_WORK REQUEST:_ Find the line containing "Barbour Women White" in the listing below. Repeat it exactly, along with each following line up to and including the one containing "African Americans being".

_TASK MATERIAL:_
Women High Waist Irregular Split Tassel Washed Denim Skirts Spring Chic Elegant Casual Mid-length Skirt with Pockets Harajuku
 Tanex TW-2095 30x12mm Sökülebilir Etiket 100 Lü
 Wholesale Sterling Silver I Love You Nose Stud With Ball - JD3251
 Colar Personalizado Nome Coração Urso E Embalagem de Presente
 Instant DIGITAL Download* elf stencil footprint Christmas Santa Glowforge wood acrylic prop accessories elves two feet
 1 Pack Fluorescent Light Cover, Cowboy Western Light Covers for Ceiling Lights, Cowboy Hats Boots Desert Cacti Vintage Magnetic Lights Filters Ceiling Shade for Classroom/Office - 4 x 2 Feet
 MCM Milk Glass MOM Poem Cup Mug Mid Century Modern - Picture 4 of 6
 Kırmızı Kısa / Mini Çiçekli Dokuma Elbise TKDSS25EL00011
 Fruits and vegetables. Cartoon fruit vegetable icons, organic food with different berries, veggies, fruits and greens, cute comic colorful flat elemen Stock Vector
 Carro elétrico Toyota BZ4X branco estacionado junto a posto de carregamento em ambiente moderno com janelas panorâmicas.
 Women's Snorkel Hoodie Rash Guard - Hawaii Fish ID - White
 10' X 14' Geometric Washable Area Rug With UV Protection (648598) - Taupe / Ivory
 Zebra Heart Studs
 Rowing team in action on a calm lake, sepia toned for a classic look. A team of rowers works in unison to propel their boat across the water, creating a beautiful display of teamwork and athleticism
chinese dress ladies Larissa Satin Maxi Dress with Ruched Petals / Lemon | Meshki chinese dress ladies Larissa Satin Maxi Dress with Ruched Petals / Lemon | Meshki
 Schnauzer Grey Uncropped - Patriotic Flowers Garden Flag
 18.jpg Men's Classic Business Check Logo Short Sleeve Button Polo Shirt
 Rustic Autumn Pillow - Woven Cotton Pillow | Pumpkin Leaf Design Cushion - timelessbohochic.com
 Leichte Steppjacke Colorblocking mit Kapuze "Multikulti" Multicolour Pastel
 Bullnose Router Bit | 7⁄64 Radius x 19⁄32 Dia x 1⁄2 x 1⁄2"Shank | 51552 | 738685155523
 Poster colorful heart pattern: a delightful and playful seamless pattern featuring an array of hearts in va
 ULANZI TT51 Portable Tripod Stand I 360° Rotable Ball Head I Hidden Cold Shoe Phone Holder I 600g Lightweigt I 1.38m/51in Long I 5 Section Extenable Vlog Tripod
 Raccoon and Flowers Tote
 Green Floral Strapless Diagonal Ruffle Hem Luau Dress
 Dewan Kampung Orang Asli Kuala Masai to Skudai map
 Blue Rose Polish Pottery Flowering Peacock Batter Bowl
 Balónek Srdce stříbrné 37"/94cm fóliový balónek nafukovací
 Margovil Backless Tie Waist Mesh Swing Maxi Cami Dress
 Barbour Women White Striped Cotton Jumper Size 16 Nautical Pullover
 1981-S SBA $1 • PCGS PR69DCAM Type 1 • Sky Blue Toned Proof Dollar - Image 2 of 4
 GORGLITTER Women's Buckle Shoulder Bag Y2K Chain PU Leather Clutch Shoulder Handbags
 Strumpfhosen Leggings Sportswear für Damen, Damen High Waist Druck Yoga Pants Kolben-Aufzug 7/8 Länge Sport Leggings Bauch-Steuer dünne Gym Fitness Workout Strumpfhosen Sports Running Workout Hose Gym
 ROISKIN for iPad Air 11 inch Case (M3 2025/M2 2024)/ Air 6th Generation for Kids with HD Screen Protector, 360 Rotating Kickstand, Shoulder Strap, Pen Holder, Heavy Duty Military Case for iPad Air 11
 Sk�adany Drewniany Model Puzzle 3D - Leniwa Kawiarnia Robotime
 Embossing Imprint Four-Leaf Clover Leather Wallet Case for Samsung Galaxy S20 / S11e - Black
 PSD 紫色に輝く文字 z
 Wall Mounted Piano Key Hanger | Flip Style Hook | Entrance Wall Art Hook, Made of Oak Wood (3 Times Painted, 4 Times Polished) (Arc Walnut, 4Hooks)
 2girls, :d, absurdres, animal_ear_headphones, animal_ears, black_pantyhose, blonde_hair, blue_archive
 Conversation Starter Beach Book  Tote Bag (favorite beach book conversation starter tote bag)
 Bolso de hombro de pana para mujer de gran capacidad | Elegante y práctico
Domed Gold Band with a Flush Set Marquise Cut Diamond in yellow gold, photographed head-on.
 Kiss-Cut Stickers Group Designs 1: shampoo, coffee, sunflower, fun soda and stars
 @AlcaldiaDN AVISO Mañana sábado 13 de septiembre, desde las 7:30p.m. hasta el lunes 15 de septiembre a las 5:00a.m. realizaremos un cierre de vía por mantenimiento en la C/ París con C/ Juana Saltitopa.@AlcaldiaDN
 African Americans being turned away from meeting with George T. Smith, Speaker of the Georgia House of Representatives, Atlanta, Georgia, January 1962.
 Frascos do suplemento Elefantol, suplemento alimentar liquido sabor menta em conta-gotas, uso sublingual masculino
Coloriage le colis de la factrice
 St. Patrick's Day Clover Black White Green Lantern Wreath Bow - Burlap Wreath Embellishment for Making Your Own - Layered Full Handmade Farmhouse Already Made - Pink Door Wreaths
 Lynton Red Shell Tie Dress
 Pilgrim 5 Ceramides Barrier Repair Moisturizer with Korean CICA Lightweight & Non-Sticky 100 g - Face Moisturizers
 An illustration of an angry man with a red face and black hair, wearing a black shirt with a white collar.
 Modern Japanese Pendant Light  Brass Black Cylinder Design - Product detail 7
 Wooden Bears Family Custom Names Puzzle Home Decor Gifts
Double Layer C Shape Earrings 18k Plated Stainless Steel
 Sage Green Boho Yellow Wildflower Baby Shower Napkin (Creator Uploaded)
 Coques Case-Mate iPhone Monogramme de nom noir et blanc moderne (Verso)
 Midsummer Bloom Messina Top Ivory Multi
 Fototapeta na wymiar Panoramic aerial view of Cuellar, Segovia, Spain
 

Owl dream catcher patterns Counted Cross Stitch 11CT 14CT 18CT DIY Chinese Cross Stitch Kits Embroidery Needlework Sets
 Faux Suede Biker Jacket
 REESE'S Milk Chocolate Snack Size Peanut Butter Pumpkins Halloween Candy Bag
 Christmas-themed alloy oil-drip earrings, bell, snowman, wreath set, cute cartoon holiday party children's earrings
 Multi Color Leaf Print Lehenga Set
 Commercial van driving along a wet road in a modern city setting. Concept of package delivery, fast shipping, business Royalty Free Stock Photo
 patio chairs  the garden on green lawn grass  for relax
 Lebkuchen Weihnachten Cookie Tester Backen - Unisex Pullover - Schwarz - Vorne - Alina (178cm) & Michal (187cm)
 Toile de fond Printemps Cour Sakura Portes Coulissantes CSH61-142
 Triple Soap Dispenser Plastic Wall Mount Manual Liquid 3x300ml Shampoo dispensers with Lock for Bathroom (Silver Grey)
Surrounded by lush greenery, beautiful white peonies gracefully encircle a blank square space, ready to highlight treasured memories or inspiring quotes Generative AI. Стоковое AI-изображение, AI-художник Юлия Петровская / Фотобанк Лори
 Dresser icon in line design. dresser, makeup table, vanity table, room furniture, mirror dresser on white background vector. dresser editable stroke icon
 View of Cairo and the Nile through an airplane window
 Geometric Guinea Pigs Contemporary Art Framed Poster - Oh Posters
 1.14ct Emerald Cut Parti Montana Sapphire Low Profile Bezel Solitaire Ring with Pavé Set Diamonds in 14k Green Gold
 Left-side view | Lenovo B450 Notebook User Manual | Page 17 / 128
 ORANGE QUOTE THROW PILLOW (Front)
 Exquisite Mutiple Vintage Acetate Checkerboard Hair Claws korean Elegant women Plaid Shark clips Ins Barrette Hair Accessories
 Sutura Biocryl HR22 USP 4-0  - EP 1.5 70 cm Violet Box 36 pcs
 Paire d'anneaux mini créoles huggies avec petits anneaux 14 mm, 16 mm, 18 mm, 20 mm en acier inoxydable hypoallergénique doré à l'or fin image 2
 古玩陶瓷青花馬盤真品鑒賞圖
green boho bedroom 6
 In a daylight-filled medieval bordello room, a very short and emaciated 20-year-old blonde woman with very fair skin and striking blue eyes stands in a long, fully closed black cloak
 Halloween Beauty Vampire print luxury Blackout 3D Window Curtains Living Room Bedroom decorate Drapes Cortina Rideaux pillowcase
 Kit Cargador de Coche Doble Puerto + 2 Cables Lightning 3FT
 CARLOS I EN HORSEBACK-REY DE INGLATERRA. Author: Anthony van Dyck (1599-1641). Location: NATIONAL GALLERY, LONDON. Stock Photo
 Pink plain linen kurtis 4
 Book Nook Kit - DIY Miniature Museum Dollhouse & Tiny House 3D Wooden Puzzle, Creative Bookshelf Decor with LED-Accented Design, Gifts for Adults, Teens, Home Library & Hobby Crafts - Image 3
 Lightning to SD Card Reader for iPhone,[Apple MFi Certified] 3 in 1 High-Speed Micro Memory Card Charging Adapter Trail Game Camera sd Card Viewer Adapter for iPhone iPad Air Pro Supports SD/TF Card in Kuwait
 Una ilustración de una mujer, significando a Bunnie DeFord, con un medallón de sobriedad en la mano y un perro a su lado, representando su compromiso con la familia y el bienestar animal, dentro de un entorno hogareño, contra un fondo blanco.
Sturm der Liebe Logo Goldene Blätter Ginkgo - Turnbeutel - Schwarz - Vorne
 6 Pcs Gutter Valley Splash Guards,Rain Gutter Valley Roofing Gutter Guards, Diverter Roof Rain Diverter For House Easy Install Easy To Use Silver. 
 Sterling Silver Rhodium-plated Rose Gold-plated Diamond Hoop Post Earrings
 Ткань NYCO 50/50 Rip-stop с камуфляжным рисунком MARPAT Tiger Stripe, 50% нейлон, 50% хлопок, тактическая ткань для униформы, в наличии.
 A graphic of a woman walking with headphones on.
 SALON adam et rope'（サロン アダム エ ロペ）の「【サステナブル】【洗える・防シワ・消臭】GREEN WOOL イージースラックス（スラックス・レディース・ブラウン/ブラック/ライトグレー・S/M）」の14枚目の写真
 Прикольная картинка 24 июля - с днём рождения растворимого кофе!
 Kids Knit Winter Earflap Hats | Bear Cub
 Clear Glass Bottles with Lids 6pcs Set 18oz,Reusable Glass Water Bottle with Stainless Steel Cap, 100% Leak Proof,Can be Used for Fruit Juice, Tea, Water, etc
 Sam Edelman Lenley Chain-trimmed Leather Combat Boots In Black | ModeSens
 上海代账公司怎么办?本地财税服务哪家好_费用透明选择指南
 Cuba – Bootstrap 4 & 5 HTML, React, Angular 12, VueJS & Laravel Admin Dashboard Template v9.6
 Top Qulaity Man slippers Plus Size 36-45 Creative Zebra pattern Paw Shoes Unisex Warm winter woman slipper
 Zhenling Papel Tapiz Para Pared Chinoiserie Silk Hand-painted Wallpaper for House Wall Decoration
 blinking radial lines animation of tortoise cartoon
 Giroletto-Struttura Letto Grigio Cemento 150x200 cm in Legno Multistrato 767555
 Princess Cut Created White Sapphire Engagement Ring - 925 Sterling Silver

_COMPLETED TASK:_
 Barbour Women White Striped Cotton Jumper Size 16 Nautical Pullover
 1981-S SBA $1 • PCGS PR69DCAM Type 1 • Sky Blue Toned Proof Dollar - Image 2 of 4
 GORGLITTER Women's Buckle Shoulder Bag Y2K Chain PU Leather Clutch Shoulder Handbags
 Strumpfhosen Leggings Sportswear für Damen, Damen High Waist Druck Yoga Pants Kolben-Aufzug 7/8 Länge Sport Leggings Bauch-Steuer dünne Gym Fitness Workout Strumpfhosen Sports Running Workout Hose Gym
 ROISKIN for iPad Air 11 inch Case (M3 2025/M2 2024)/ Air 6th Generation for Kids with HD Screen Protector, 360 Rotating Kickstand, Shoulder Strap, Pen Holder, Heavy Duty Military Case for iPad Air 11
 Sk�adany Drewniany Model Puzzle 3D - Leniwa Kawiarnia Robotime
 Embossing Imprint Four-Leaf Clover Leather Wallet Case for Samsung Galaxy S20 / S11e - Black
 PSD 紫色に輝く文字 z
 Wall Mounted Piano Key Hanger | Flip Style Hook | Entrance Wall Art Hook, Made of Oak Wood (3 Times Painted, 4 Times Polished) (Arc Walnut, 4Hooks)
 2girls, :d, absurdres, animal_ear_headphones, animal_ears, black_pantyhose, blonde_hair, blue_archive
 Conversation Starter Beach Book  Tote Bag (favorite beach book conversation starter tote bag)
 Bolso de hombro de pana para mujer de gran capacidad | Elegante y práctico
Domed Gold Band with a Flush Set Marquise Cut Diamond in yellow gold, photographed head-on.
 Kiss-Cut Stickers Group Designs 1: shampoo, coffee, sunflower, fun soda and stars
 @AlcaldiaDN AVISO Mañana sábado 13 de septiembre, desde las 7:30p.m. hasta el lunes 15 de septiembre a las 5:00a.m. realizaremos un cierre de vía por mantenimiento en la C/ París con C/ Juana Saltitopa.@AlcaldiaDN
 African Americans being turned away from meeting with George T. Smith, Speaker of the Georgia House of Representatives, Atlanta, Georgia, January 1962.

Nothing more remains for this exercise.